Short text fragments from websites

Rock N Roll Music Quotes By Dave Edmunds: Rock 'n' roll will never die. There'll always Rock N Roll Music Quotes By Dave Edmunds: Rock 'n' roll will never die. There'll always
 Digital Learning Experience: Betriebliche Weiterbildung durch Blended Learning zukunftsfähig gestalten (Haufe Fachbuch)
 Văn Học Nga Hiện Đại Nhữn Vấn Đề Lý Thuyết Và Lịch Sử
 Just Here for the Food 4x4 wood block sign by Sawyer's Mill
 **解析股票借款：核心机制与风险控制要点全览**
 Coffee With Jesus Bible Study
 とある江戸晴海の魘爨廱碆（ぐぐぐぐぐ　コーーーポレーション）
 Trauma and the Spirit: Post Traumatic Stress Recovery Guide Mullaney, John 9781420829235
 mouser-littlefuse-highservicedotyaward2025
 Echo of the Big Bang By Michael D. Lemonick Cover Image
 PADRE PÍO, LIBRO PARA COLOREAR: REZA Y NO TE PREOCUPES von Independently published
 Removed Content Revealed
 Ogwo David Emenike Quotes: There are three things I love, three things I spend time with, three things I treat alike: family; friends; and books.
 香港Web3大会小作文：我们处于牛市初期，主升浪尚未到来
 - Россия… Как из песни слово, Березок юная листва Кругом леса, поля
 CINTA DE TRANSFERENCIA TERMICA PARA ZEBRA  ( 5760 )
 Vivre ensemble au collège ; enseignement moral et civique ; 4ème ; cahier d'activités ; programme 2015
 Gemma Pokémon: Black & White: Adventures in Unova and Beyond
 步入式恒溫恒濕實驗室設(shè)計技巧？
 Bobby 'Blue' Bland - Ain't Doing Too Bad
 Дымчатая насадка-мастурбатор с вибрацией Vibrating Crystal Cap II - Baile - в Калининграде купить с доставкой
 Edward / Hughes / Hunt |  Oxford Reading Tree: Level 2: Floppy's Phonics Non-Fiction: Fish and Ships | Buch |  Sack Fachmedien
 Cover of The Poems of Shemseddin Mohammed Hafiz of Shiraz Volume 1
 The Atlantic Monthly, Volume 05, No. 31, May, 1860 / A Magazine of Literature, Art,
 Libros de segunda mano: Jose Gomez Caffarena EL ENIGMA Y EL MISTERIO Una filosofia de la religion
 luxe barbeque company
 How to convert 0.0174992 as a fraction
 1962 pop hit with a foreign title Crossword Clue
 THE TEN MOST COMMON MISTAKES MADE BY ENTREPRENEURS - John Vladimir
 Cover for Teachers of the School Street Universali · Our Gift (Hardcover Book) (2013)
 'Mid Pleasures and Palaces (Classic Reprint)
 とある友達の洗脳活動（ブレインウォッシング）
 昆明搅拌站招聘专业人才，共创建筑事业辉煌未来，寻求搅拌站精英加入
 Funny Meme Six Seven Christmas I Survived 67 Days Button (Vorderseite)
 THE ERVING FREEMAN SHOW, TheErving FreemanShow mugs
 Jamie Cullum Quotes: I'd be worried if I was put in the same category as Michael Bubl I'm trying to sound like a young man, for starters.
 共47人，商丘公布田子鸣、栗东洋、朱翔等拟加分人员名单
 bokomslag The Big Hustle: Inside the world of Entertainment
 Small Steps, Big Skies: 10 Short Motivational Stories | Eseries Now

## Problem to solve
Output the line containing "Libros de segunda" and all lines after it to the end of the records, exactly as given.

## Exercise output
 Libros de segunda mano: Jose Gomez Caffarena EL ENIGMA Y EL MISTERIO Una filosofia de la religion
 luxe barbeque company
 How to convert 0.0174992 as a fraction
 1962 pop hit with a foreign title Crossword Clue
 THE TEN MOST COMMON MISTAKES MADE BY ENTREPRENEURS - John Vladimir
 Cover for Teachers of the School Street Universali · Our Gift (Hardcover Book) (2013)
 'Mid Pleasures and Palaces (Classic Reprint)
 とある友達の洗脳活動（ブレインウォッシング）
 昆明搅拌站招聘专业人才，共创建筑事业辉煌未来，寻求搅拌站精英加入
 Funny Meme Six Seven Christmas I Survived 67 Days Button (Vorderseite)
 THE ERVING FREEMAN SHOW, TheErving FreemanShow mugs
 Jamie Cullum Quotes: I'd be worried if I was put in the same category as Michael Bubl I'm trying to sound like a young man, for starters.
 共47人，商丘公布田子鸣、栗东洋、朱翔等拟加分人员名单
 bokomslag The Big Hustle: Inside the world of Entertainment
 Small Steps, Big Skies: 10 Short Motivational Stories | Eseries Now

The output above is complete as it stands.